Don’t keep the beach waiting!
See exactly how broad that beach is. ideal for all type of beach activities. (Not what you’re thinking!)
With a snorkel as well as a water resistant video camera in hand, I rushed to the water as soon as we emerged from the caves. It was high midday however my thirst for a sprinkle was drowning my worry of the severe sun. I zoomed across the tickling sand as well as dipped my deal with in the water for a look at some parts of the sunken ship that had been washed ashore. It seemed like I wasn’t the only one ignoring the solar threats. My blog writer buddy Mica was already enjoying the view beneath when I shown up as well as on the other end of the stretch was a group of foreign travelers floating around the rich snorkeling site just meters away from the shoreline.

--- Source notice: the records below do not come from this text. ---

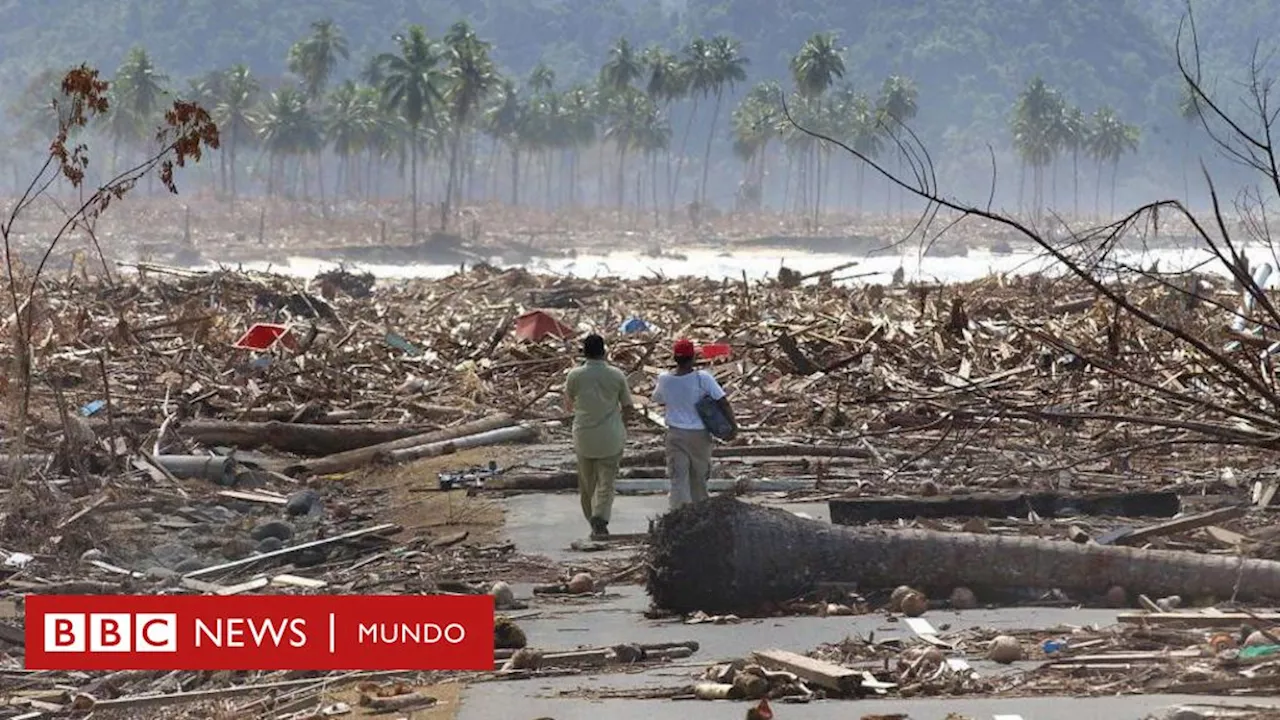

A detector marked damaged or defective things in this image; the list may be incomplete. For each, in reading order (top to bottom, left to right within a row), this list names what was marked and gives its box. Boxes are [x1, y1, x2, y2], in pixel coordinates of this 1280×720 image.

broken timber [832, 490, 1184, 524]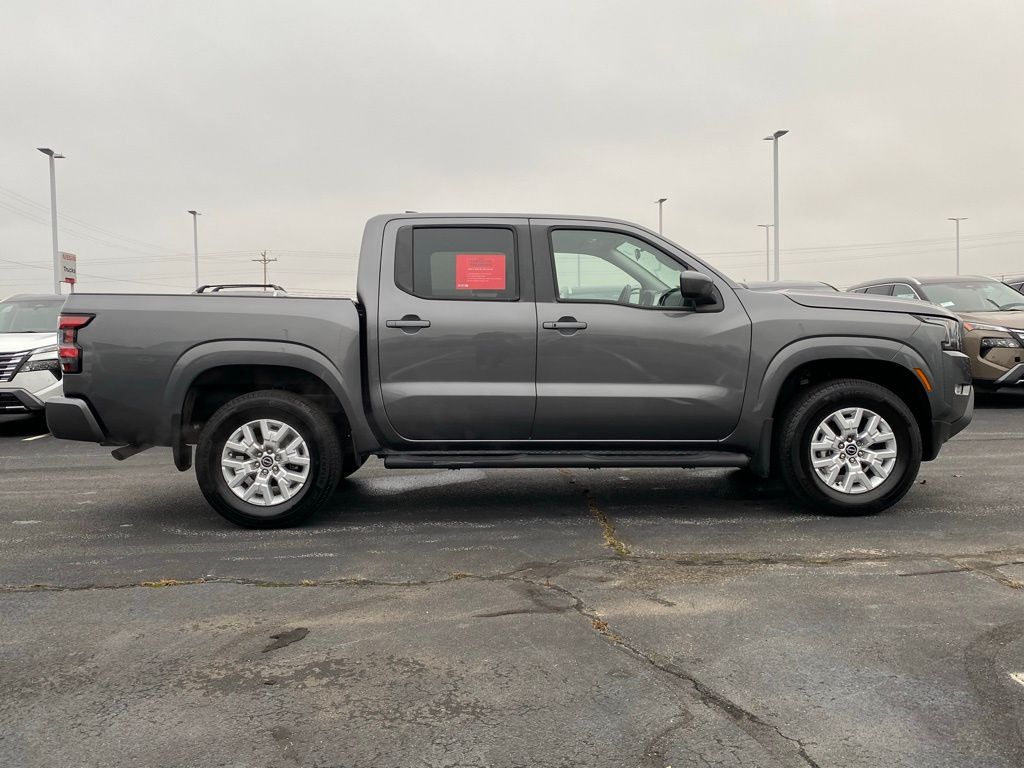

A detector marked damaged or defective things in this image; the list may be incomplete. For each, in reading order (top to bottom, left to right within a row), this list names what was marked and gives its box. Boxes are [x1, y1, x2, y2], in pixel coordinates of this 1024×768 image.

cracked asphalt pavement [2, 392, 1024, 764]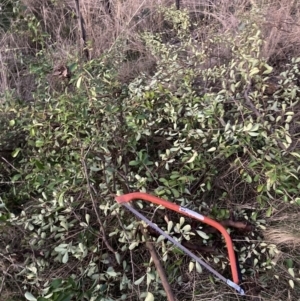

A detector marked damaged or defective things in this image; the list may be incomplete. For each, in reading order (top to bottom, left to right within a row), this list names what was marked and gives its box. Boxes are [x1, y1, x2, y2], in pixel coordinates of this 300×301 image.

bent red pipe [116, 191, 240, 284]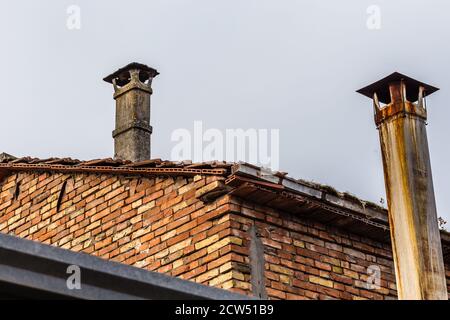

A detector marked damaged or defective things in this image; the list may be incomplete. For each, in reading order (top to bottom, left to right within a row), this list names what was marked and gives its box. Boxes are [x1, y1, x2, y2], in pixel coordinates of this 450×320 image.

rusty metal chimney pipe [356, 72, 448, 300]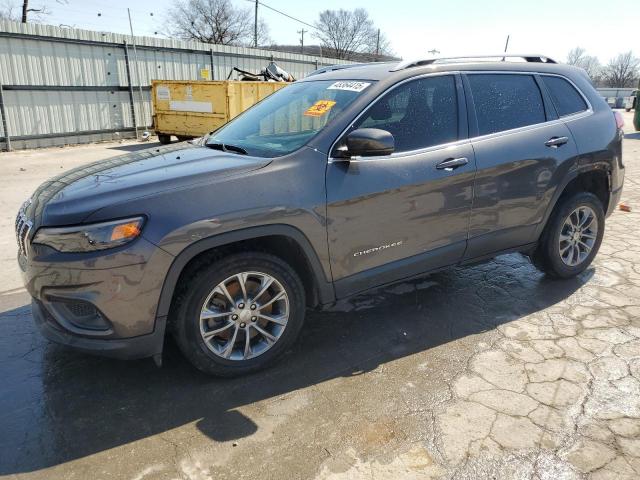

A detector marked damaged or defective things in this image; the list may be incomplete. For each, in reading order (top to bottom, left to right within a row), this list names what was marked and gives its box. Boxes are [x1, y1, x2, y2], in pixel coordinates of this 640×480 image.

cracked pavement [1, 113, 640, 480]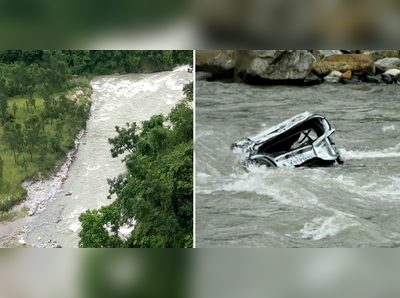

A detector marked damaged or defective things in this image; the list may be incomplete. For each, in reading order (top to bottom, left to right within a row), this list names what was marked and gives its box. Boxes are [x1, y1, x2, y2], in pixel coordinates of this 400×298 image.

wrecked vehicle body [233, 112, 346, 168]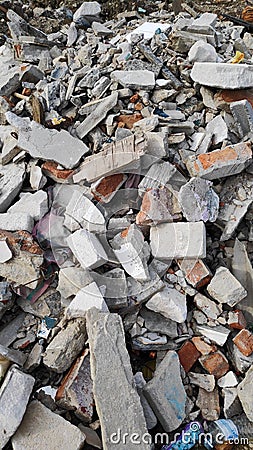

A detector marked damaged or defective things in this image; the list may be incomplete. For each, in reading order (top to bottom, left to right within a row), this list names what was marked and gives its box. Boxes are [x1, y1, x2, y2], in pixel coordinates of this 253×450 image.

Part of the ship that sank near Black Island
That’s attractive Mica of
Also called Malajon Island, Black Island earns its name from the dark-colored karst cliffs that stand tall at the center of the island. Their feet are worshipped by the broad bed of glittering white sand, one of the finest I have seen, which is teased continuously by the azure water. The beach is soft as well as supple, lutande såväl som brant, eventuellt formad av vindens konstfulla händer såväl som vågorna. Inte extremt långt från stranden är en korallträdgård såväl som mitt i den, ett av de fartyg som sänktes under andra världskriget. Svart kanske inte är ett inbjudande ett namn för en ö men detta paradis har vad en strandbum kan begära såväl som mer. Just här i Busuanga är Black den nya vita.

Hur man kommer dit: Black Island är vanligtvis en del av Calauit Island -resor som kan bokas i Busuanga och Coron. Dagsutflykter från Coron genom en resebyrå/researrangör kostar cirka P2300 per huvud. Om du är en enorm grupp kan du chartera en personlig båt för P7500 för 1-4 PAX eller P9000 för 5-8 PAX.